● Your assignment: When you write out the listing, keep each word exactly as it stands but include none of its images.

● The data:
....................
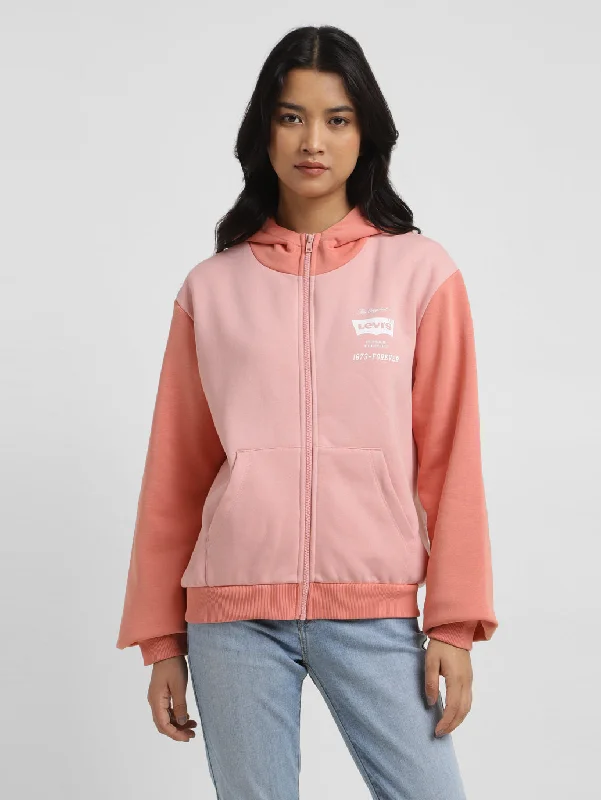 Women's Sweatshirts with Zippered Pockets -Women's Colorblock Orange Hooded Sweatshirt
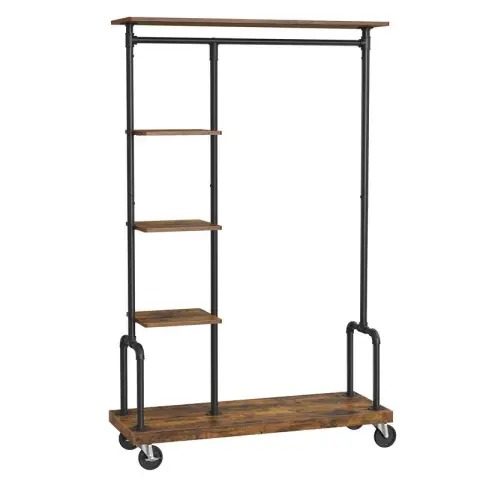 VASAGLE Clothes Rack, 5-Tier Garment Rack with Metal Pipes, 103.5x40x174.5cm, Rustic Brown and Black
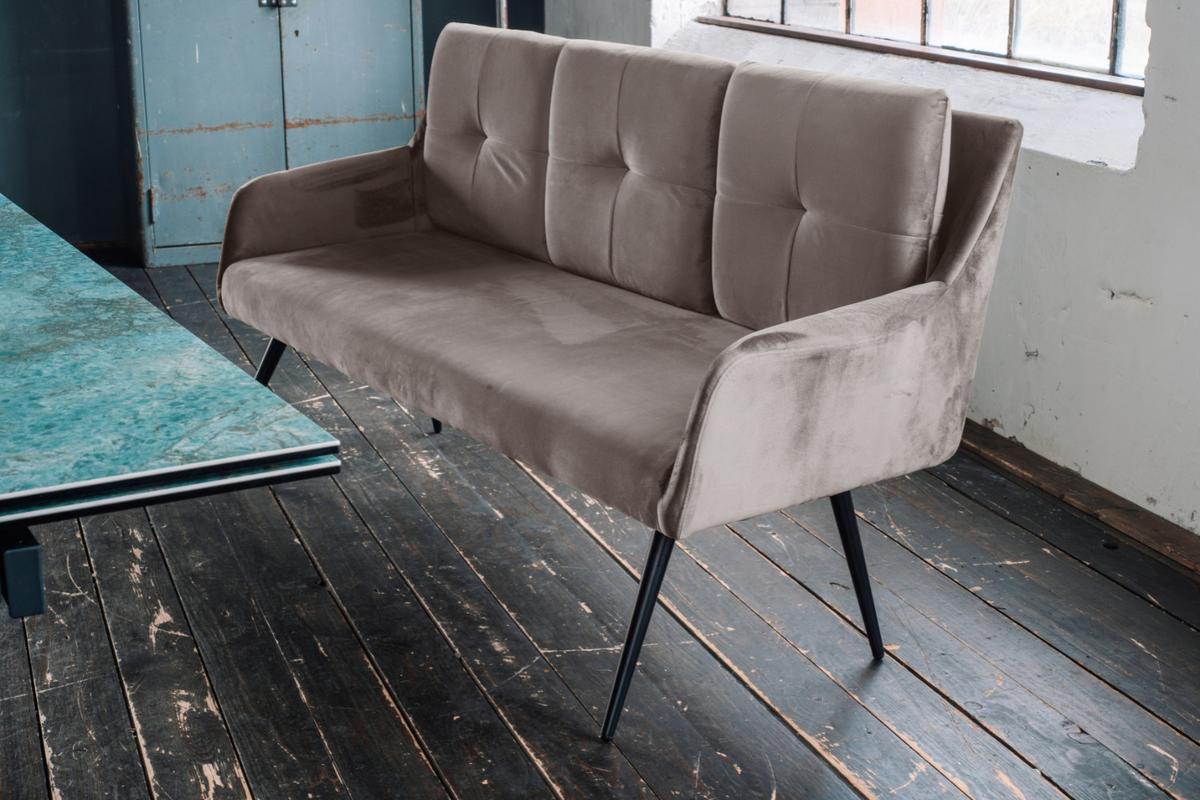 ESSZIMMERBANK PIRI Taupe Velvet - Taupe, Textil (180/84/64cm) - KAWOLA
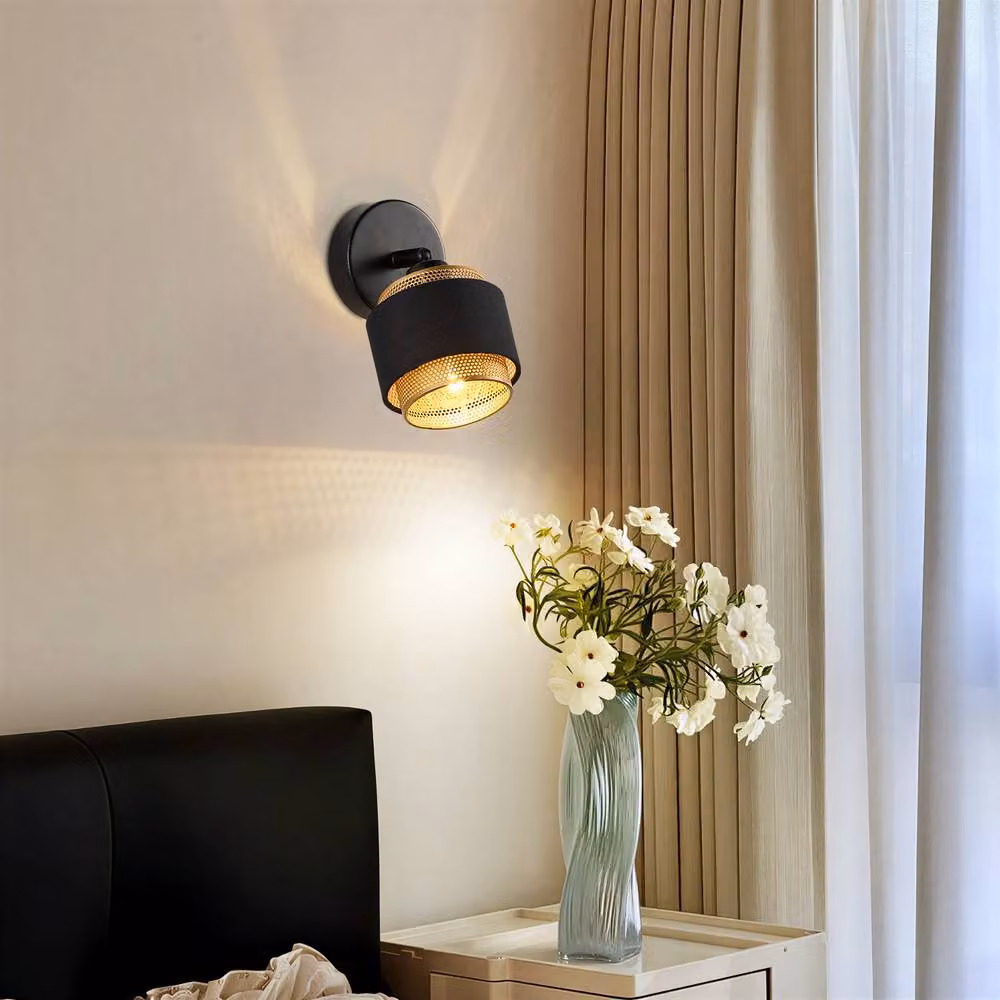 Harper Living Black and Gold Art Deco Wall Light with Adjustable Metal Mesh and Fabric Shade, E14 Socket – 5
....................
● Exercise output:
 Women's Sweatshirts with Zippered Pockets -Women's Colorblock Orange Hooded Sweatshirt
 VASAGLE Clothes Rack, 5-Tier Garment Rack with Metal Pipes, 103.5x40x174.5cm, Rustic Brown and Black
 ESSZIMMERBANK PIRI Taupe Velvet - Taupe, Textil (180/84/64cm) - KAWOLA
 Harper Living Black and Gold Art Deco Wall Light with Adjustable Metal Mesh and Fabric Shade, E14 Socket – 5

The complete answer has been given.